It is alleged here at paragraph 40 that the defect renders the vehicle not fit for its intended purposes, and the Second District recognizes that a vehicle being “not fit for the ordinary purpose for which such vehicles are used,” can provide the basis of a Song-Beverly Act claim. Isip v. Mercedes Benz USA, LLC (2007) 155 Cal.App.4th 19, 23.
Third Cause of Action—Violation of California Vehicle Code § 11713.18(a)(6)
Under Vehicle Code § 11713.18 (a)(6):
(a) It is a violation of this code for the holder of any dealer’s license issued under this article to advertise for sale or sell a used vehicle as “certified” or use any similar descriptive term in the advertisement or the sale of a used vehicle that implies the vehicle has been certified to meet the terms of a used vehicle certification program if any of the following apply:…
(6) Prior to sale, the dealer fails to provide the buyer with a completed inspection report indicating all the components inspected.
Here, the pleading alleges that the vehicle inspection report provided was deficient, but does not explain how the report, attached as Exhibit 3 to the pleading, fails to comply with the section. The attachment appears to list all the components inspected. [Ex. 3]. This kind of allegation was expressly rejected as insufficient by a federal district court in Macisaac, relied upon by plaintiff:
“The MacIsaacs have failed to state a CLRA claim under their first theory of liability—the alleged violation of the Vehicle Code. The MacIsaacs allege that the CQI Certificate was not a “completed inspection report” for purposes of Vehicle Code section 11713.18 because it was not specific to their car and it listed features not on the Vehicle. (FAC ¶¶ 22, 24; Exh. 2.) Nothing in the plain, unambiguous language of section 11713.18 requires CarMax to disclose a completed inspection report that is specific to each vehicle. The statute merely requires dealers to list the components inspected. The MacIsaacs have not pointed to any case law or statutory authority suggesting that a more detailed disclosure is required.”
Macisaac, at 10.
The demurrer accordingly is sustained with one opportunity to amend, if possible.
Fourth Cause of Action—Violation of Business & Professions Code § 17200, et seq.
To state a cause of action for Unfair Business Practices, a plaintiff must allege the following elements:
1) Defendant has engaged in more than one unlawful, unfair, or fraudulent transaction, including unfair, deceptive, untrue or misleading advertising
2) Plaintiff’s right to restitution, if any. Damages are not recoverable.
3) Plaintiff’s right to injunctive relief, if any.
Bus. & Prof. Code § 17200 et seq.; Dean Witter Reynolds, Inc. v. Superior Court (1989) 211 Cal.App.3d 758.
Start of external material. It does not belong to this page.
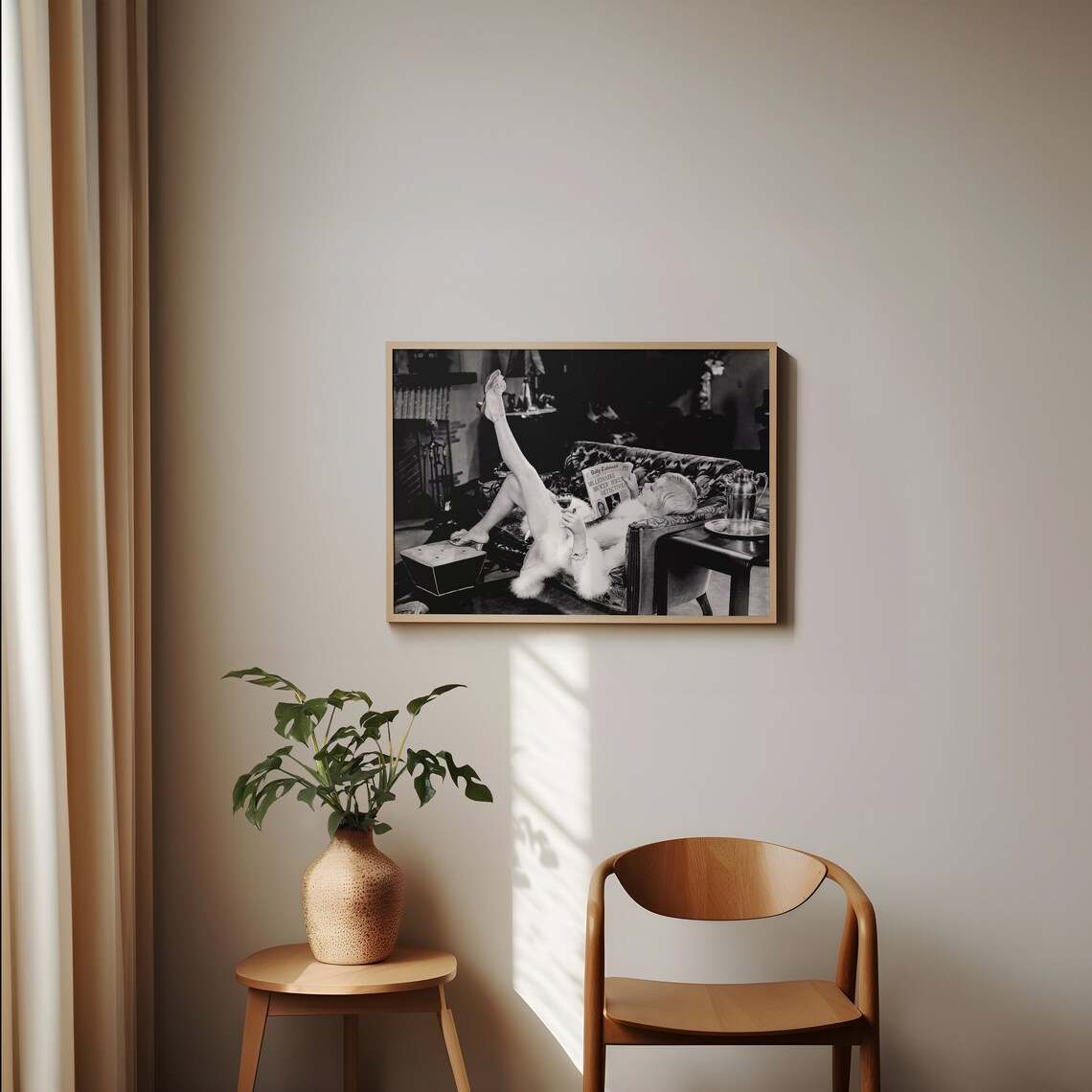 Woman Drinking Wine and Reading Newspaper, Vintage Print - Image 2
All elements have been alleged based on the preceding causes of action. The demurrer is overruled.
Fifth Cause of Action—Declaratory Relief
CCP § 1060 provides that a person “who desires a declaration of his or her rights or duties with respect to another, or in respect to another, or in respect to or over or upon property… , may, in cases of actual controversy relating to the legal rights and duties of the respective parties…bring an…action…for a declaration of his or her rights or duties.”
A very liberal pleading standard applies:
“A complaint for declaratory relief is sufficient if it sets forth facts showing the existence of an actual controversy relating to the legal rights and duties of the respective parties… and requests that these rights and duties be adjudged by the court.”
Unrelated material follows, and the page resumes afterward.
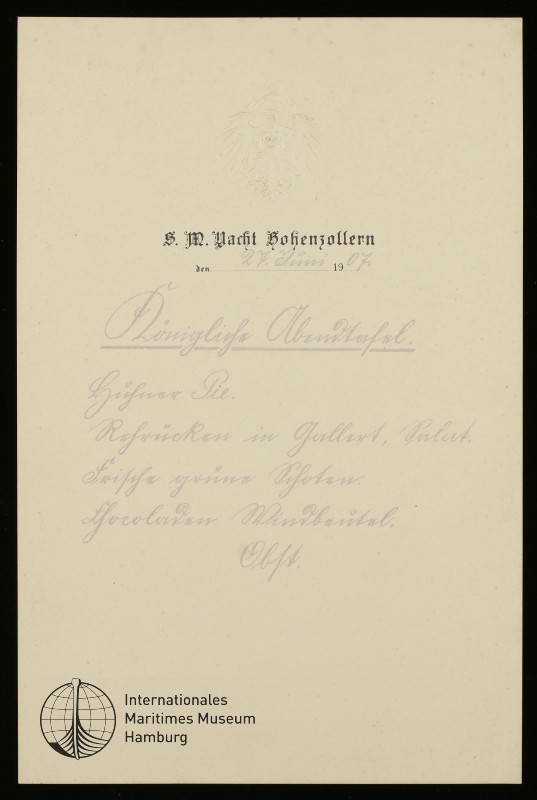 Speisekarte der Königlichen Abendtafel der S.M. Yacht "Hohenzollern" vom 27.06.1907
Wellenkamp v. Bank of America (1978) 21 Cal.3d 943, 947.
Here, the FAC alleges that an actual controversy exists and requests a declaration of rights. [Paras. 60, 63]. While the pleading is a bit confusing as it asserts the controversy as involving misleading representations and unfair and deceptive practices, there is also reference to duties under a Contract. However, there is a request for a declaration concerning a claim for attorneys’ fees as well. [See Paragraphs 60-63]. The demurrer is sustained with one opportunity to more clearly allege this claim.
Motion to Strike
The motion to strike seeks to strike allegations seeking an order enjoining CarMax from continuing to harm plaintiff by enforcing the sales contract. However, as defendant concedes, under Civil Code § 1780 (a):
“a) Any consumer who suffers any damage as a result of the use or employment by any person of a method, act, or practice declared to be unlawful by Section 1770 may bring an action against that person to recover or obtain any of the following:
(1) Actual damages, but in no case shall the total award of damages in a class action be less than one thousand dollars ($1,000).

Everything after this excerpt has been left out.